Sensor diuji dengan dua cara berbeda. Dalam satu tes, keringat relawan dianalisis selama enam hari, dan data yang mewakili kadar kortisol dikumpulkan. Pada individu yang sehat, kadar kortisol naik dan turun pada siklus harian. Levelnya memuncak tepat setelah seseorang bangun setiap pagi dan menurun sepanjang hari, dan itulah yang terdeteksi oleh sensor.
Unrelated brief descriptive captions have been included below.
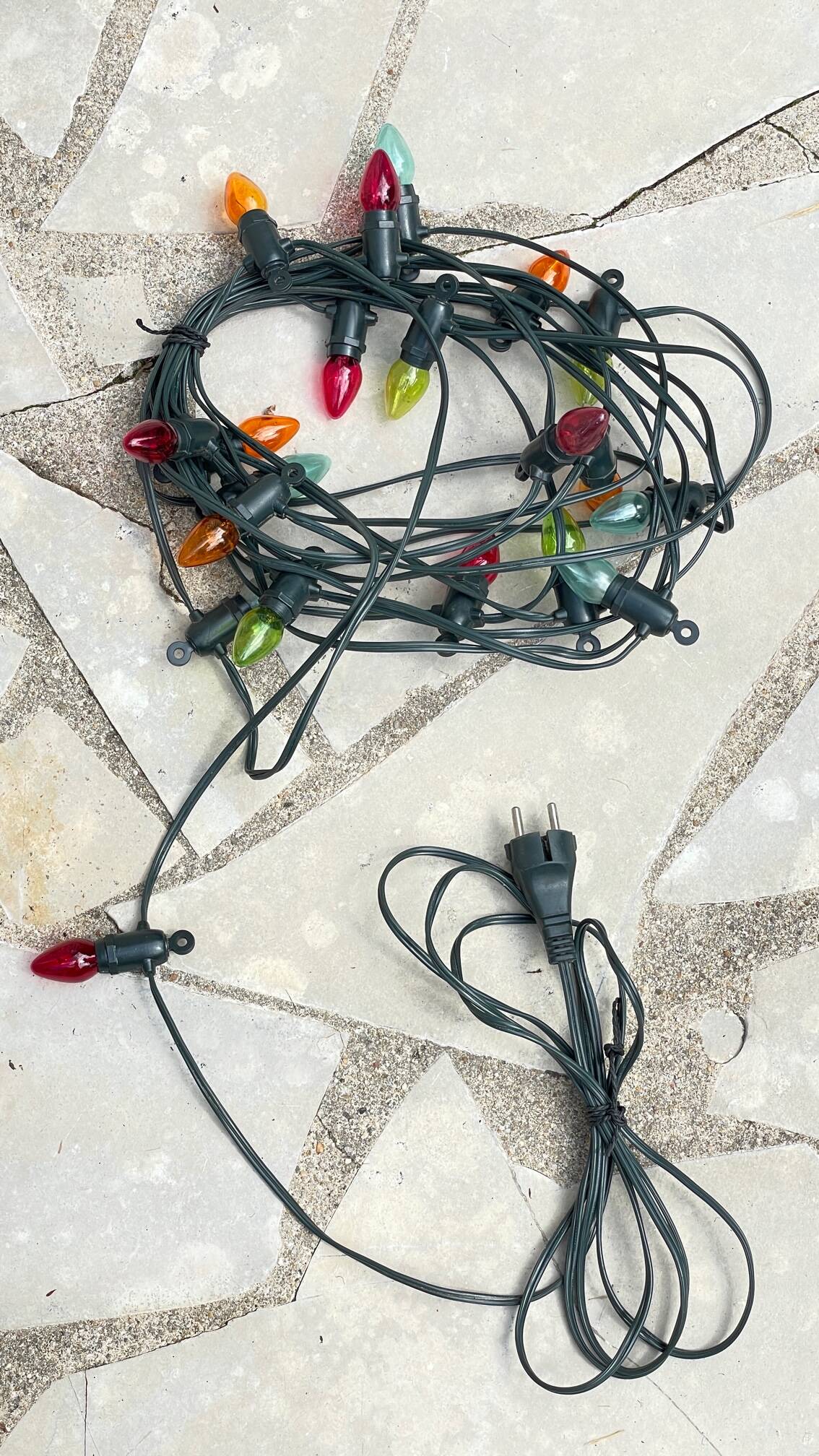 10 Meter Vintage Outdoor Garland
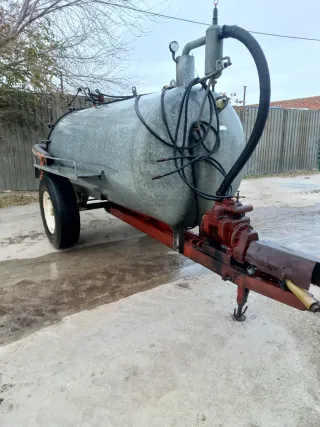 Cisterna Galvanizada 4000L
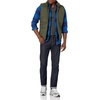 Amazon Essentials mens Mid-weight Puffer Vest(Olive)
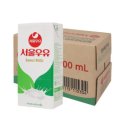 [G마켓](타임딜) 멸균우유 1000ml x 10입 (1박스) - 16,400원 이미지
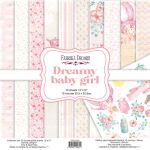 FDC Paper Pack 12x12" - Dreamy Baby Girl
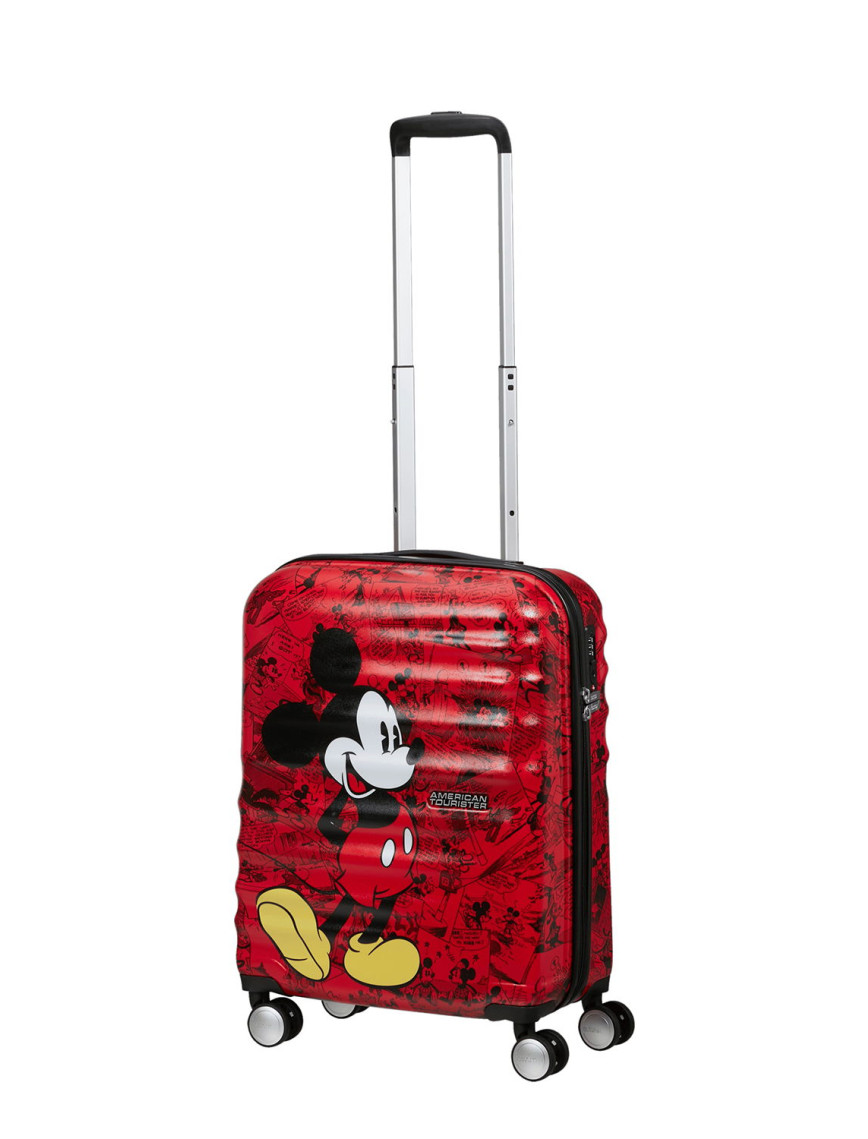 American Tourister Wavebreaker Kabin Boy Valiz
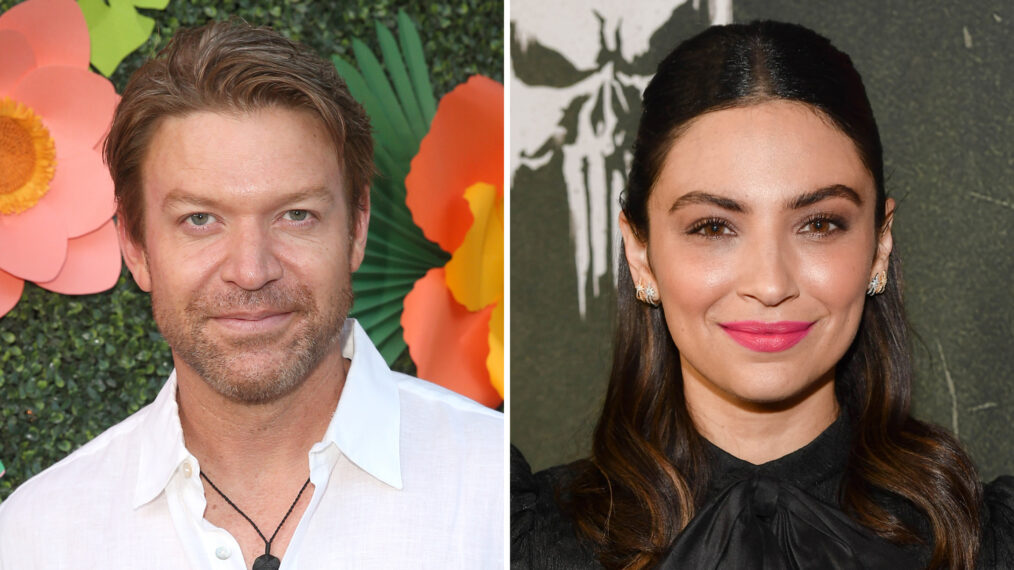 Matt Passmore and Floriana Lima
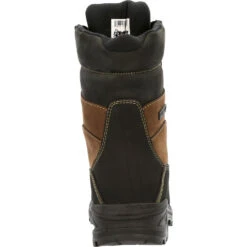 'Rocky' Men's 10" MTN Stalker Pro 400GR WP Hunting - Brown / Black -Shoe Joy Shop RKS0529 back 1024x1024@2x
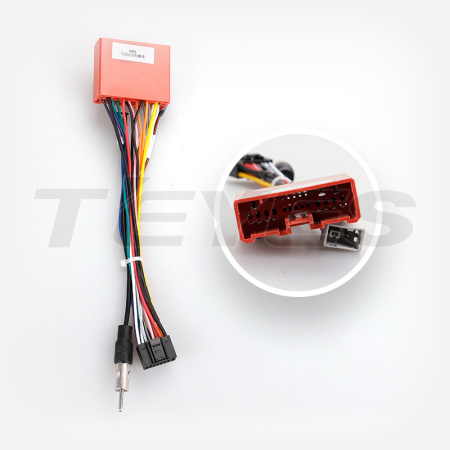 Штатная рамка (без дисплея) Teyes для  Mazda 2 DE 2007-2014 (Для экрана 9")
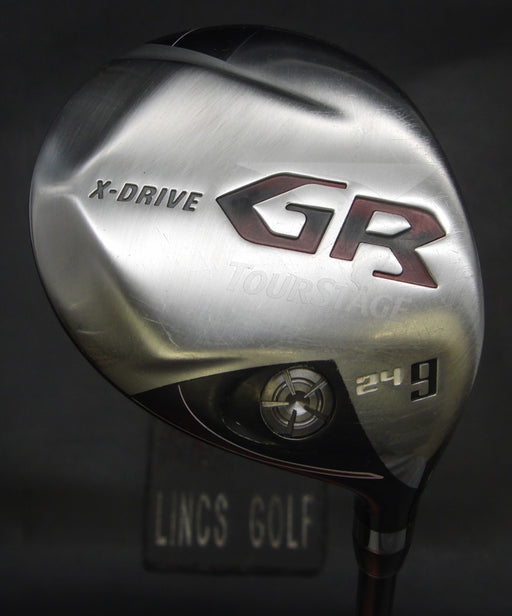 Tourstage X-Drive GR 24° 9 Wood Stiff Graphite Shaft Golf Pride Grip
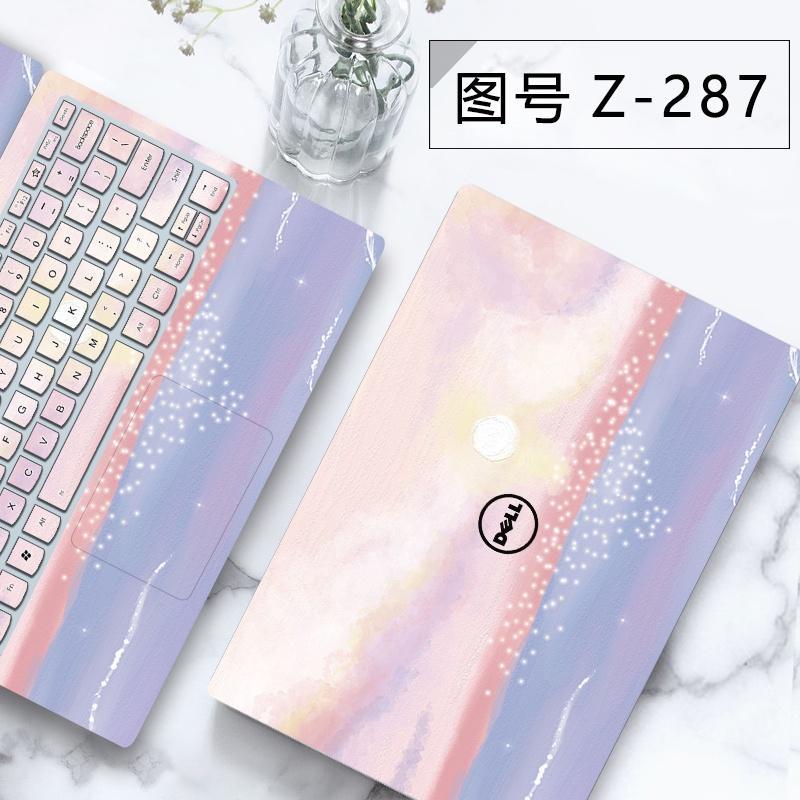 Set 2 Miếng Dán Trang Trí Laptop hp 14-CE 13-ay hp pavilion aero 13 ProBook 440 G6 Bằng Chất Liệu Vinyl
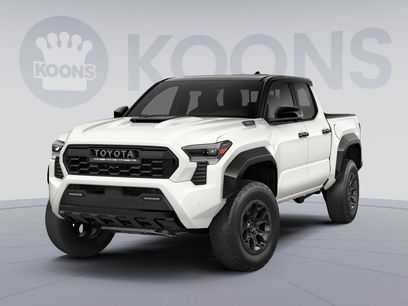 New 2025 Toyota Tacoma TRD Pro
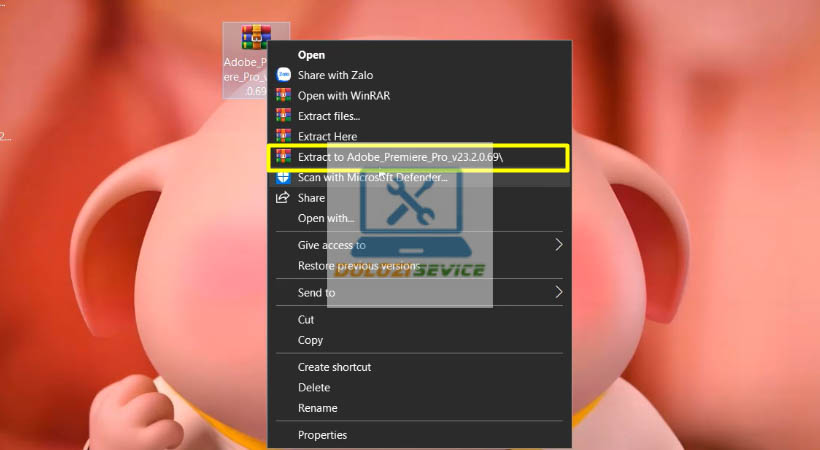 Hướng Dẫn Cài Đặt Premiere 2023: Tải Ngay Phần Mềm Hàng Đầu 2 Giải nén Premiere 2023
Gao mengatakan ini adalah demonstrasi pertama dari sensor yang dapat secara non-invasif memantau fluktuasi kortisol harian. Ia menambahkan bahwa pemantauan siklus kortisol harian pasien dapat mengungkapkan adanya kondisi kesehatan mental.
"Pasien depresi memiliki pola sirkadian kortisol yang berbeda dari orang sehat. Dengan pasien PTSD, ini berbeda satu sama lain," kata Gao.
Dalam tes lain, perubahan kadar kortisol dicatat ketika terjadi sebagai respons terhadap stresor akut. Ini dilakukan melalui dua percobaan. Pada yang pertama, subjek uji diminta untuk melakukan latihan aerobik, pasalnya aerobik merupakan salah satu olahraga intens dan hal itu diketahui menyebabkan peningkatan kortisol yang kuat. Dalam percobaan kedua, subjek uji diminta untuk merendam tangan mereka dalam air es, pemicu stres yang cukup untuk memperoleh pelepasan kortisol. Dalam kedua percobaan, sensor mendeteksi peningkatan kadar kortisol segera.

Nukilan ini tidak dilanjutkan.